“Ta a fhios agam,” Shawn answered.
After Shawn turned the team and drove away, Ellis said, “What the hell was that all about, Buck?”
“I used the old Irish tongue to tell him he was a crazy man.”
“And what did he say?”
“He said, ‘I know.’”
CHAPTER FORTY-FIVE
Maria Cantrell had been walking since the young cowboy driving the buckboard had dropped her off and pointed the way to the stage station.
“It’s a ways, Miss, maybe a five mile,” he’d said. “I wish you’d change your mind and come back to the ranch. Mr. and Mrs. Cornton will make you right welcome, especially Miz Flossie. She don’t get many lady visitors at the Rafter-C and none as pretty as you.”
But Maria was determined to put as much git between her and Big Buck as she could. She politely declined the puncher’s request but did kiss his freckled cheek, a tender gesture he would recount and embellish for the rest of his life.
She walked steadily north across the brush flats in the general direction of the distant piney woods.

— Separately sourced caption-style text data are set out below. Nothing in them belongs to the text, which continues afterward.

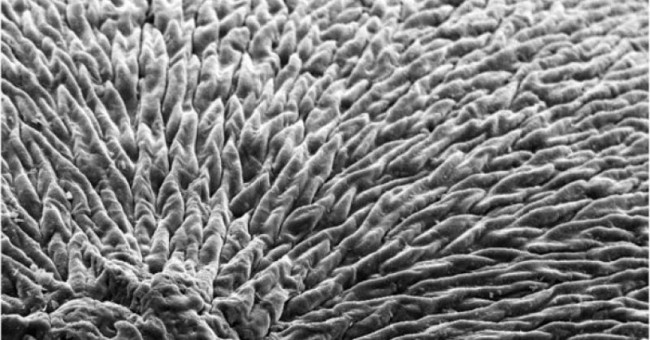 Scientists develop materials that can regenerate tooth enamel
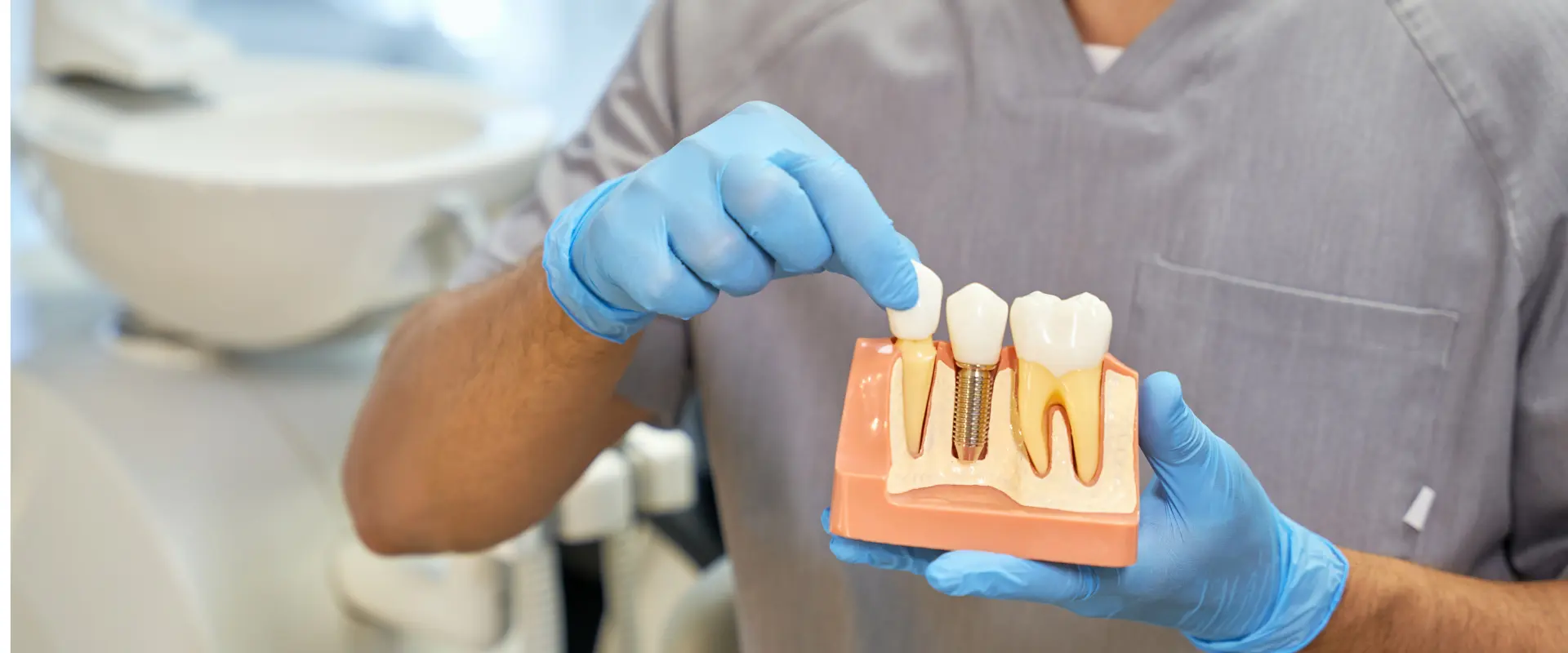 Implantes dentales: ¿Cuándo son la mejor opción y cómo preparar tu boca?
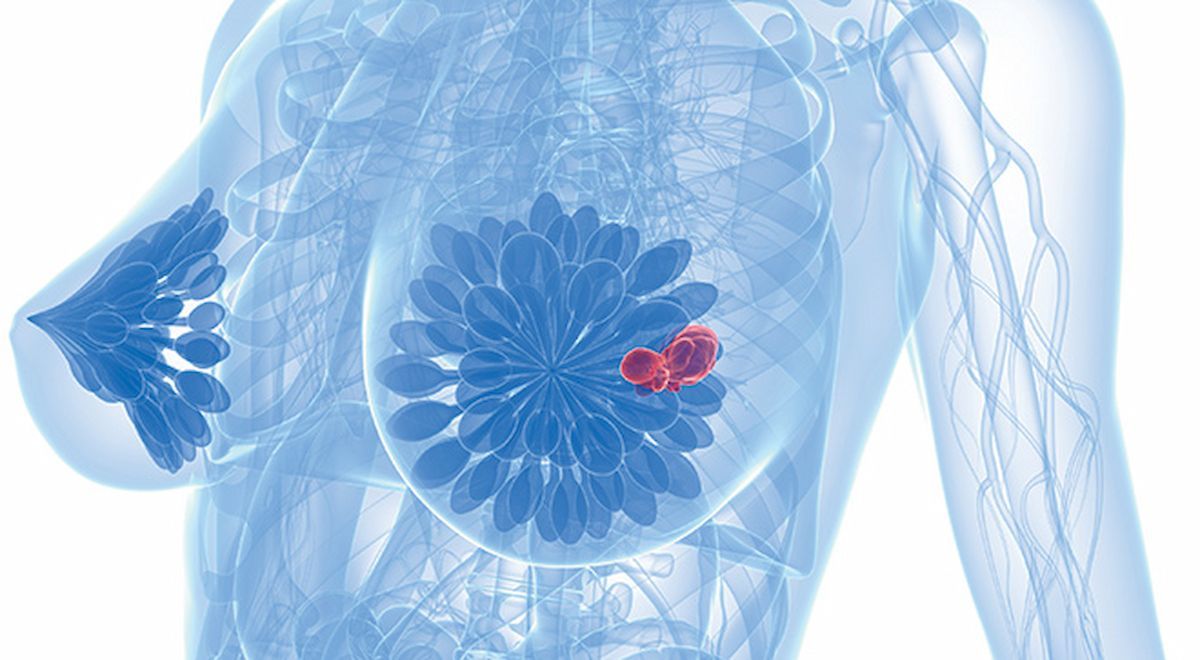 DCISionRT Shows Superiority vs Clinicopathology in Predicting DCIS Risk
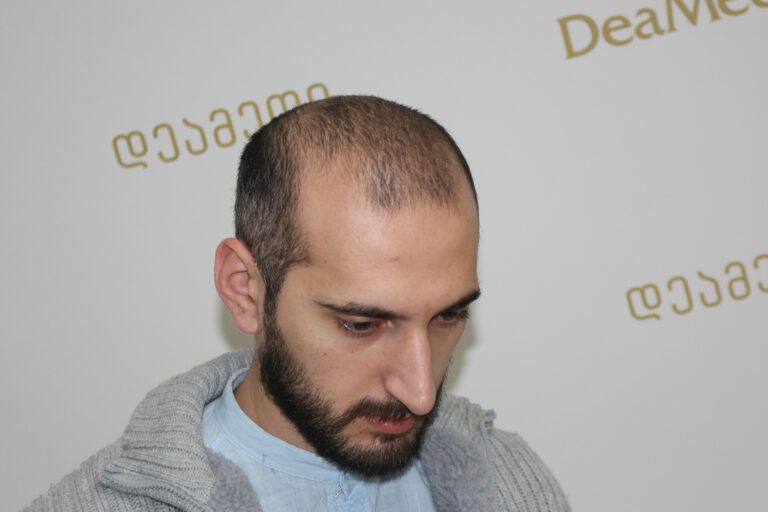 Deamed - hair transplantation results / თმის გადანერგვის შედეგები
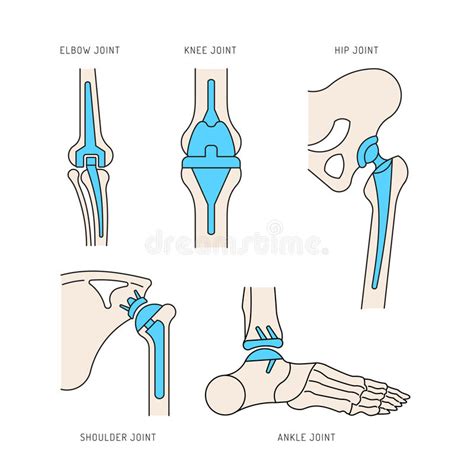 How many major joints are in the human body. Implantation Joint Skeleton Stock Image - Image of ...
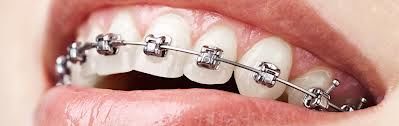 Bilde av tenner med tannregulering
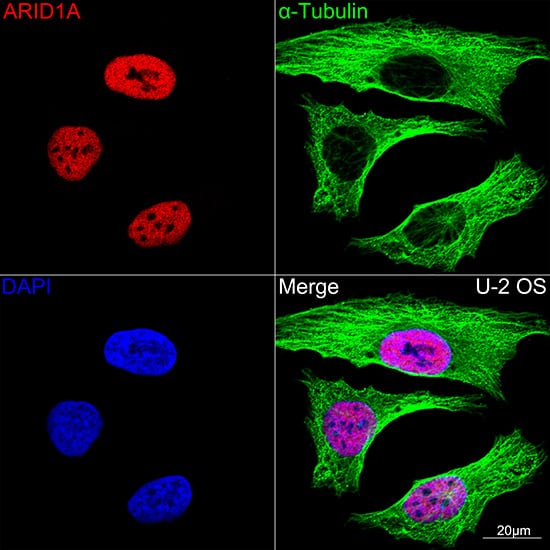 Immunocytochemistry/ Immunofluorescence: ARID1A Antibody (9D4J6) [NBP3-33201] - Confocal imaging of U-2 OS cells using ARID1A Rabbit mAb(Red). The cells were counterstained with  alpha -Tubulin Mouse mAb (Green). DAPI was used for nuclear staining (blue). Objective: 100x.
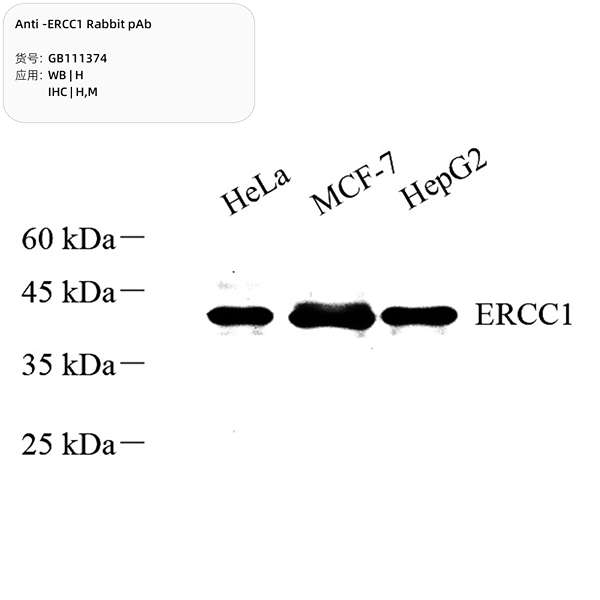 Антитела первичные, поликлональные, ERCC1, 100 мкл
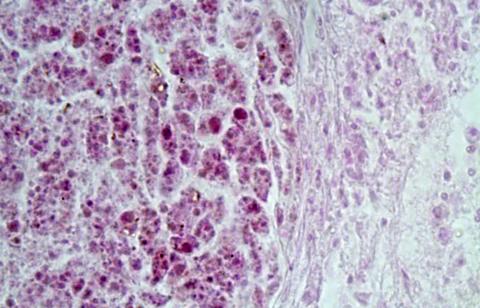 Tissue section showing mycobacterium lesion in sculpin.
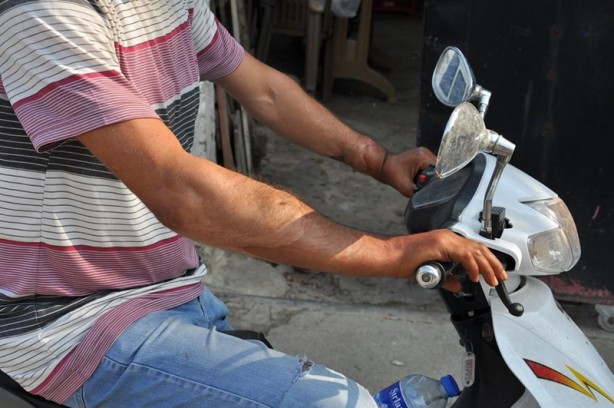 Foto - İşte çift kol nakli yapılan Cihan Topal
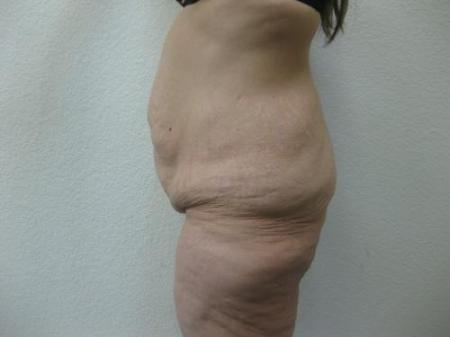 Body Lift - Patient 8 - Before Image 7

The day was hot and cactus snagged at her skirt and sweat trickled down her back and between her breasts. She had enough money left to take a stage to the back of beyond and figured she’d end up in some mining town where she might prosper as a saloon singer and dancer, entertaining horny tin pans willing to overlook her lack of talent for her more obvious charms. Of course, she had to reach the stage station first and the walk seemed endless, especially in knee-high boots and a corset.

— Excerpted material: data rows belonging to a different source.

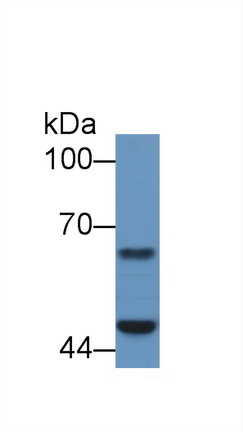 Polyclonal Antibody to Proteasome 26S Subunit, ATPase 4 (PSMC4)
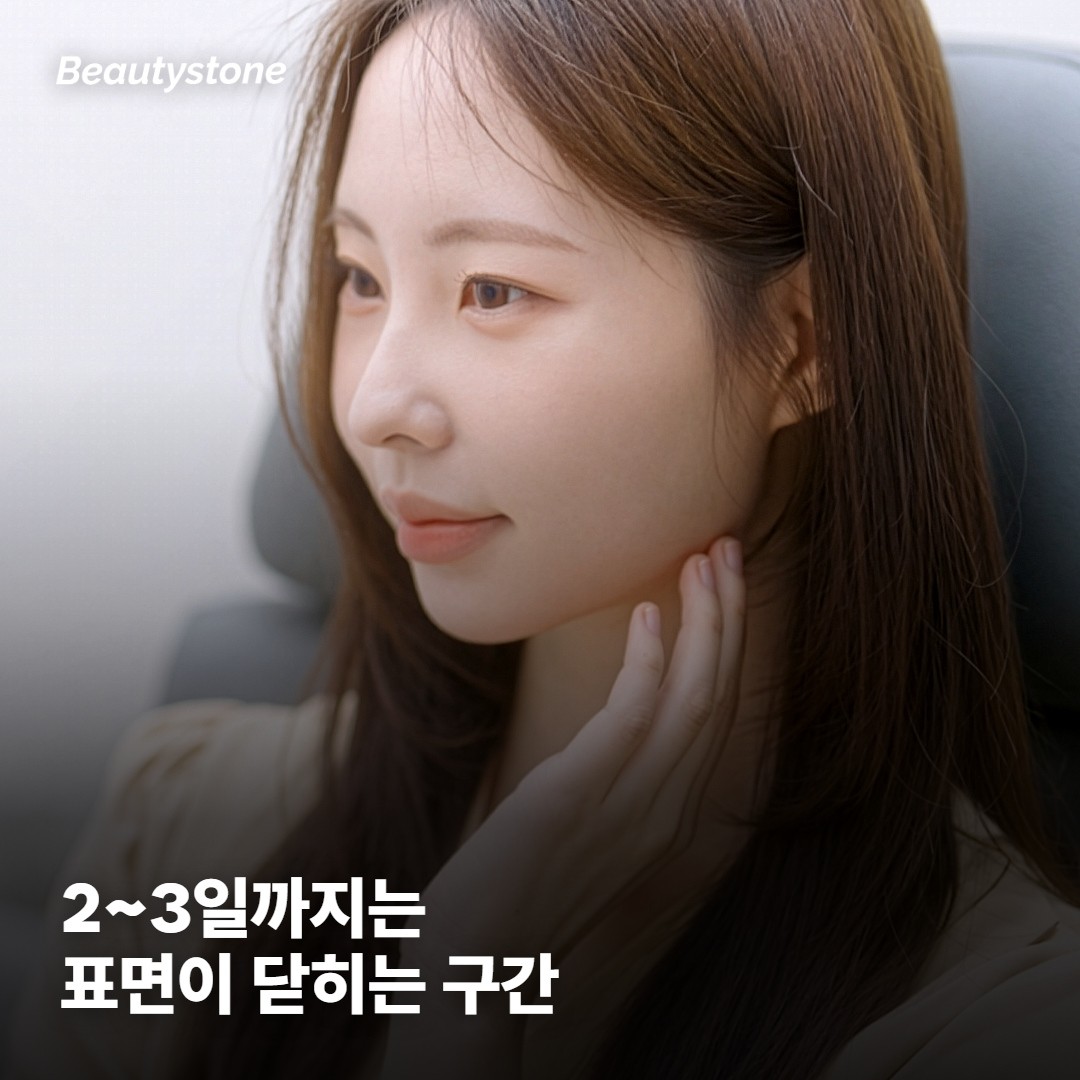 직후부터 2~3일까지는 표면이 닫히는 구간이에요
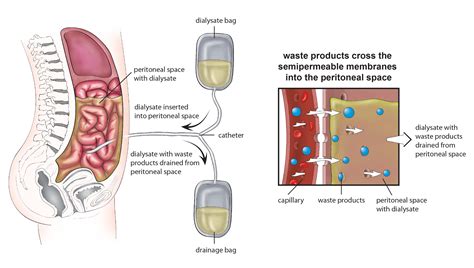 Peritoneal Dialysis related Peritonitis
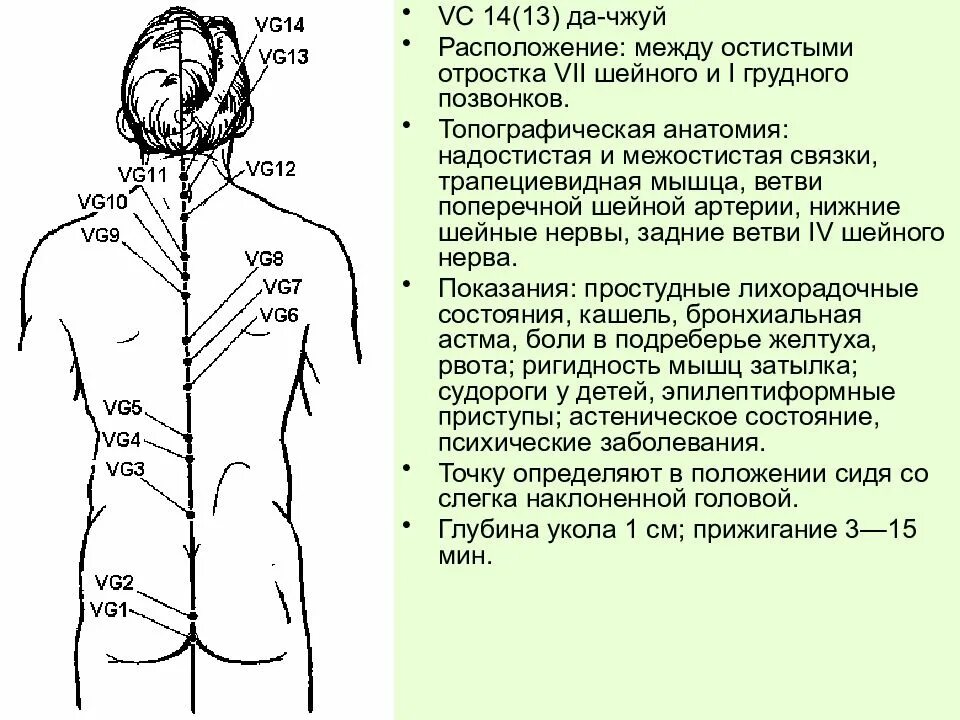 Артховикс меридиан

After an hour, Maria saw two towheaded children riding bareback on a massive draft horse. She could make out a boy with a mop of unruly hair and a girl in pigtails. They looked like twins no older than seven or eight. The boy kicked the horse into motion and the huge animal plodded slowly toward her.
“Hi,” Maria said. “I’m looking for the stage station.”
The boy pointed. “That way just over the rise.”
“My daddy runs the station.” The girl had wide brown eyes.
“I bet he runs it very well,” Maria said.
The girl nodded. “My name is Arabella. What’s yours?”
“Maria.”
“Mine is Byron, Byron Holding,” the boy said. “My pa said he named me for a poet. Would you like to ride with us on Hercules?”
Maria shook her head. “I don’t think I could get onto him. He’s very tall.”
“Then I’ll take your bag. It’s not a far walk to the station.”
In fact, it was another half mile, but relieved of her heavy carpetbag, she covered the distance without difficulty.
* * *
Comanche Station was a long, adobe building with a shingle roof. It had three doors but only a single window illuminated the passengers’ dining room. That room, the largest, also had a stone fireplace and a couple rough-cut tables and benches. A curtained-off sitting area at the rear was provided for ladies who sought privacy. A pole corral held a spare team of rawboned Missouri mules and close by was a two-holer outhouse, a rare luxury.
The man who welcomed Maria and introduced himself as Cooley Holding was a tall, rangy young man with thick brown hair and hazel eyes. He had wide shoulders, big, work-worn hands and the sensitive face of a scholar. “I’m real sorry, ma’am, but it will be three days before the next stage gets here. The schedules have been cut because of competition from the railroad.” He smiled. “We live in a steam-powered age.
“I’m sorry to hear about the stage,” Maria said. “Does that mean I have to impose upon your hospitality for three days?”
“Not if you got somewhere else to go.”
“I don’t.”
“Then I guess you’re stuck with me and my younguns.” He hesitated as though thinking over his next words, then said, “I fixed up a parlor for my wife, but she died before she could use it. I recently put a bed in there for guests and I’ll get you clean sheets.” He shifted his feet. “You’ll be comfortable in the parlor and you can eat there. And I have books. Do you like to read?”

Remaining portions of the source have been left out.